The answer is to be the data that follows, transcribed exactly, minus its pictures.

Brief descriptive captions
•••

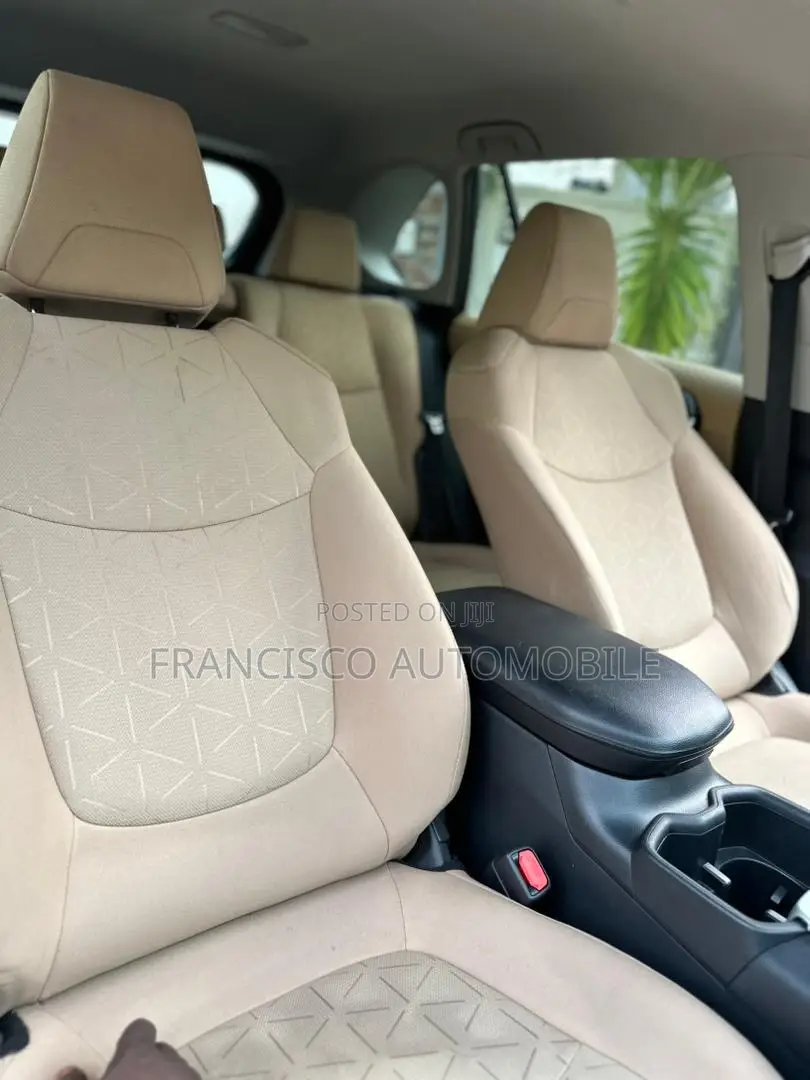 Toyota RAV4 XLE 2022 Black
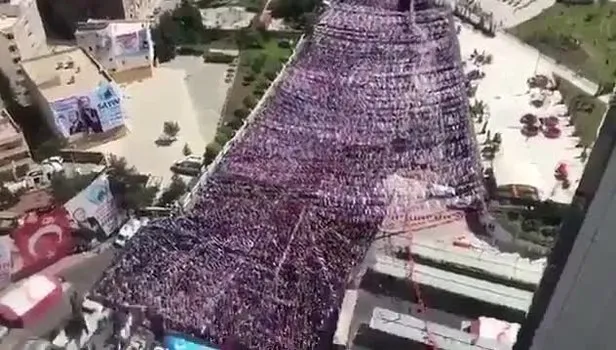 Erdoğan'ın mitinginde inanılmaz görüntü!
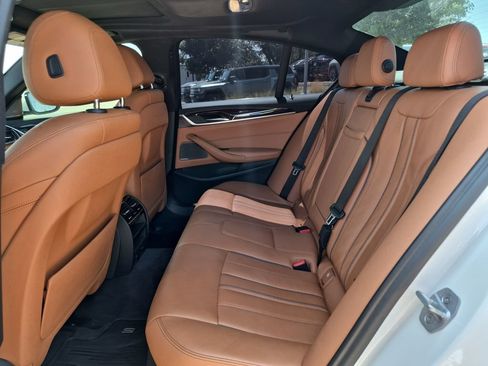 Used 2018 BMW 540i RWD image 36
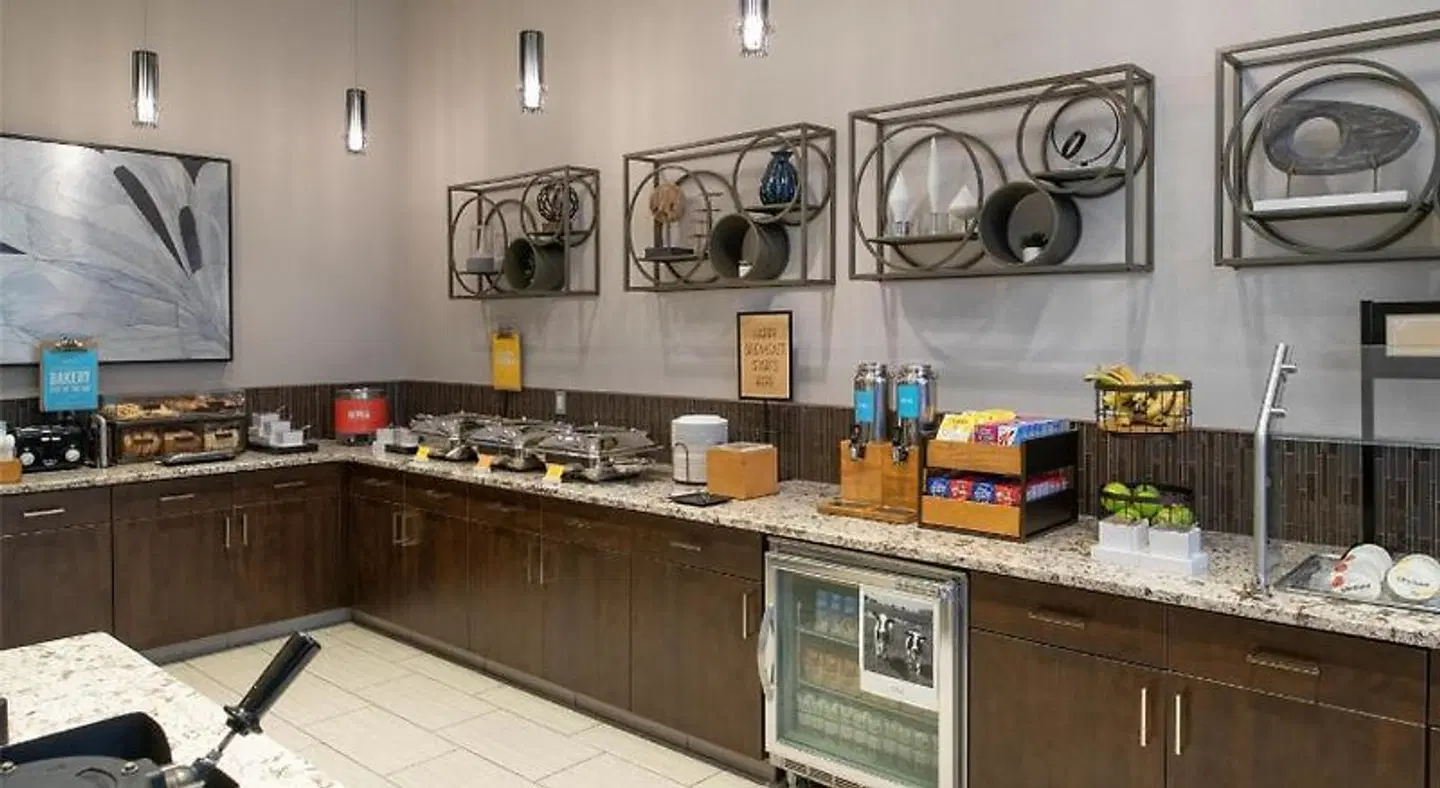 Hampton Inn & Suites Portsmouth Downtown Restaurant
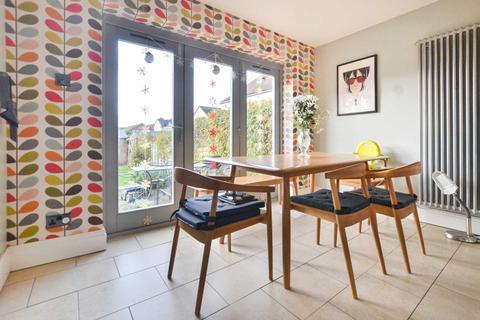 8 Coronation Road, Prestbury, Cheltenham, GL52 3DA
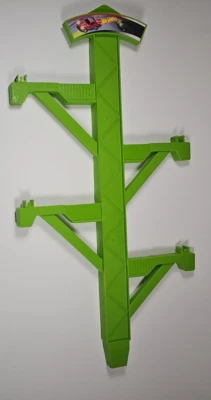 Hot Wheels Ultimate Garage Shark Attack Green Spiral Tower - Image 1 of 3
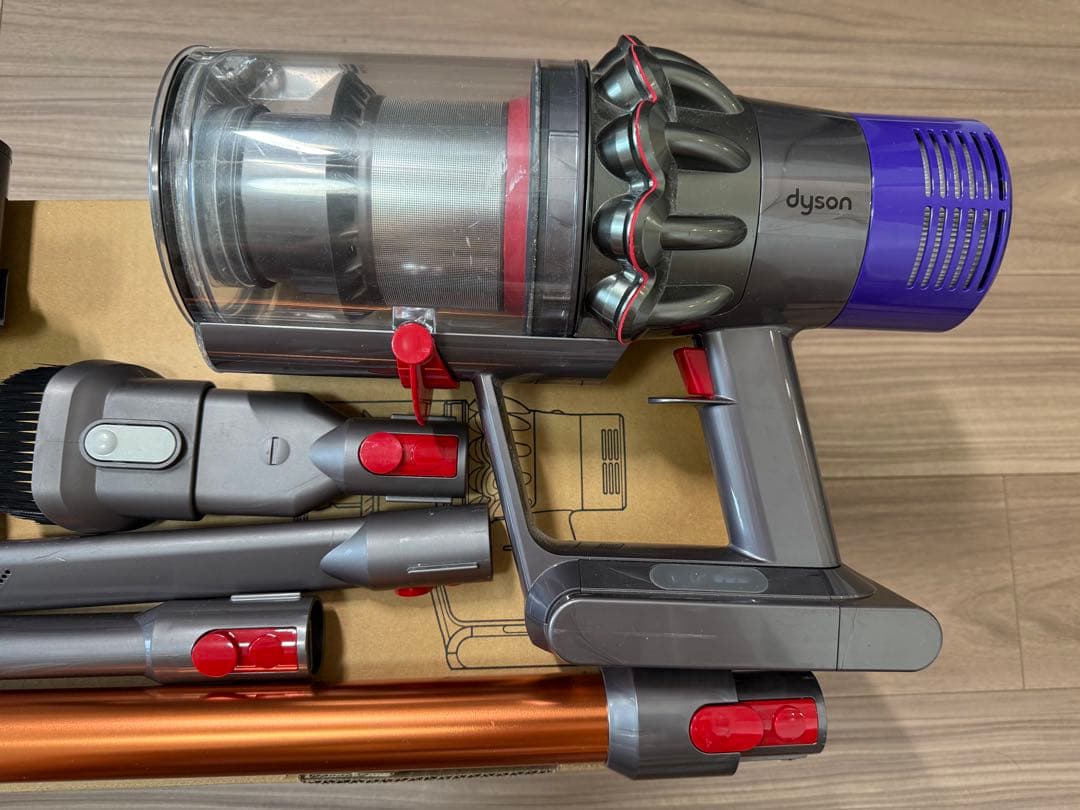 掃除機・クリーナー Dyson Cyclone V10 Fluffy (SV12 FF LF)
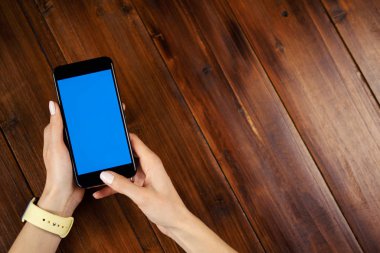 Wo üzerinde boş ekranı olan akıllı telefon kullanan bir kadının görüntüsü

•••

ANSWER SPACE
 Toyota RAV4 XLE 2022 Black
 Erdoğan'ın mitinginde inanılmaz görüntü!
 Used 2018 BMW 540i RWD image 36
 Hampton Inn & Suites Portsmouth Downtown Restaurant
 8 Coronation Road, Prestbury, Cheltenham, GL52 3DA
 Hot Wheels Ultimate Garage Shark Attack Green Spiral Tower - Image 1 of 3
 掃除機・クリーナー Dyson Cyclone V10 Fluffy (SV12 FF LF)
 Wo üzerinde boş ekranı olan akıllı telefon kullanan bir kadının görüntüsü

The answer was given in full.